_EXERCISE DESCRIPTION_
Nothing but the pictures should be left out when the entries below are duplicated.

_EXERCISE DATA_
========================================

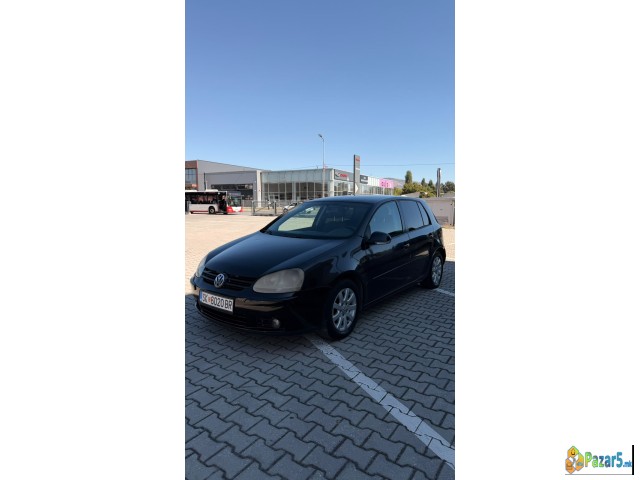 Golf 5 2.0 Tdi Dsg Automatik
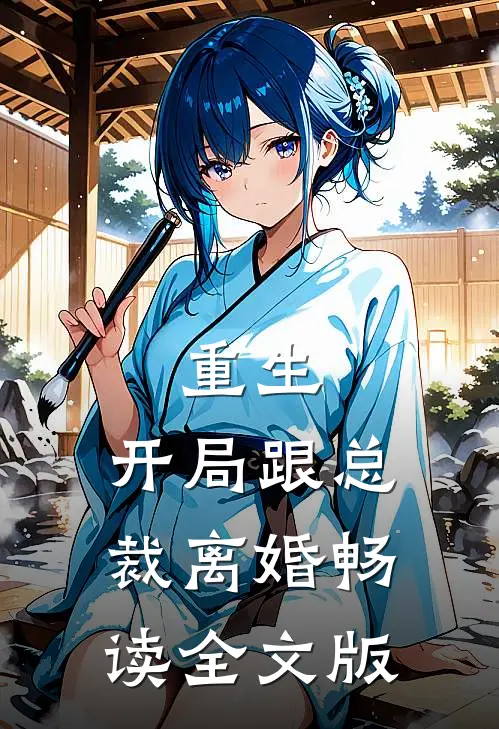 重生：开局跟总裁离婚畅读全文版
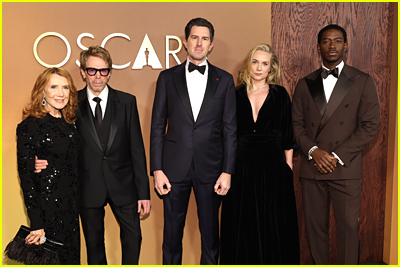 celebridades na premiação do governador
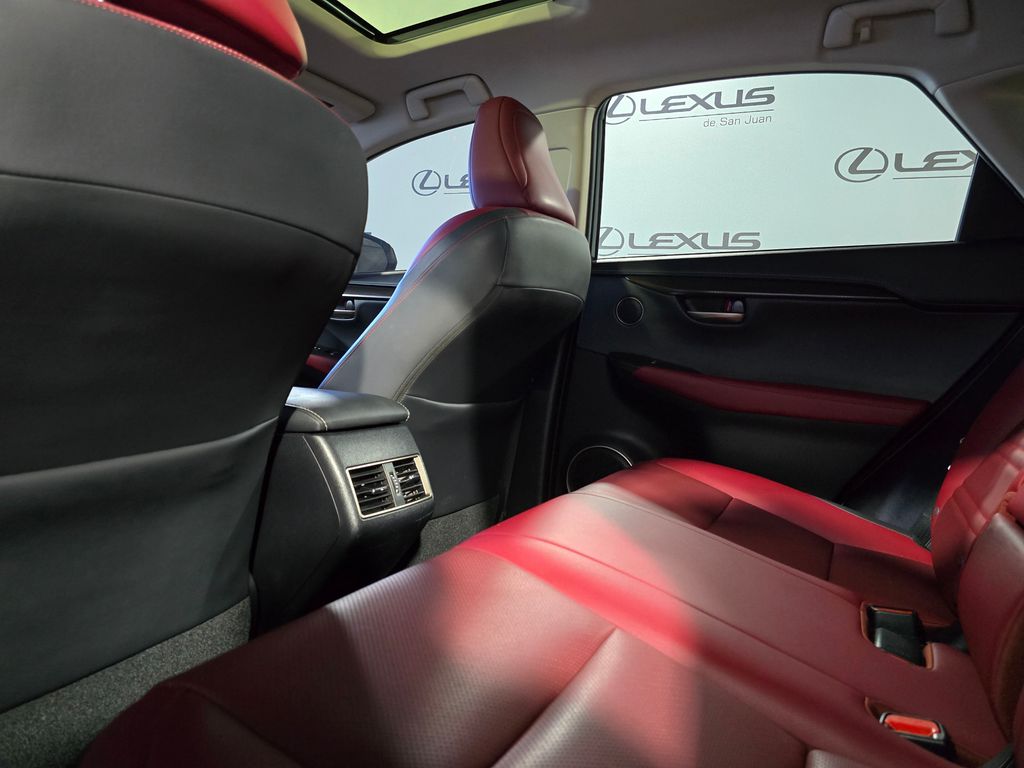 Thumbnail: 2021 Lexus NX - 26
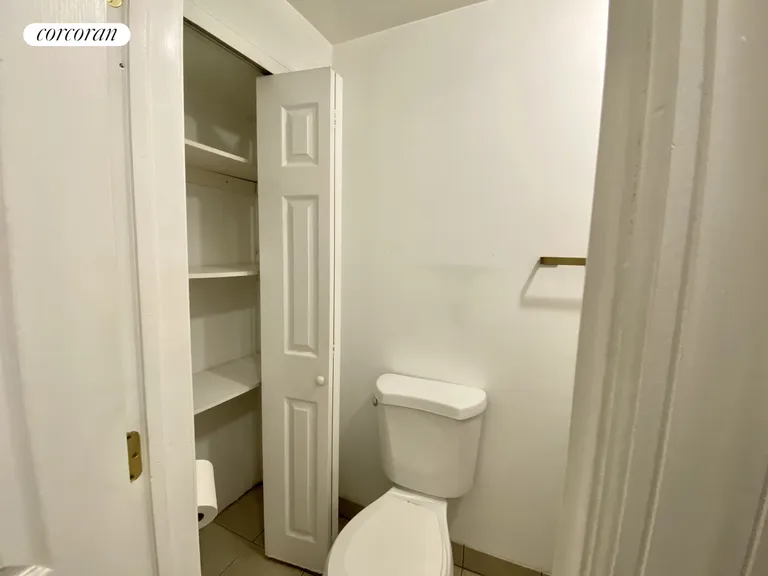 New York City Real Estate | View 449 Henry Street, 1 | Primary Bathroom | View 11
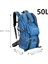 50L Su Geçirmez Büyük Kapasiteli Dağcılık Çantası (Yurt Dışından) 3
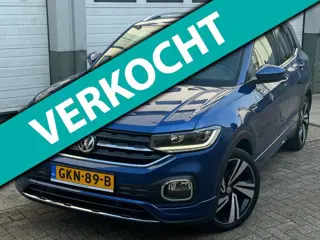Volkswagen T-Cross 1.0 TSI Style 3x R line aut/Led/acc/carplay/navi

========================================

_ANSWER FOR THIS EXERCISE_
 Golf 5 2.0 Tdi Dsg Automatik
 重生：开局跟总裁离婚畅读全文版
 celebridades na premiação do governador
 Thumbnail: 2021 Lexus NX - 26
 New York City Real Estate | View 449 Henry Street, 1 | Primary Bathroom | View 11
 50L Su Geçirmez Büyük Kapasiteli Dağcılık Çantası (Yurt Dışından) 3
Volkswagen T-Cross 1.0 TSI Style 3x R line aut/Led/acc/carplay/navi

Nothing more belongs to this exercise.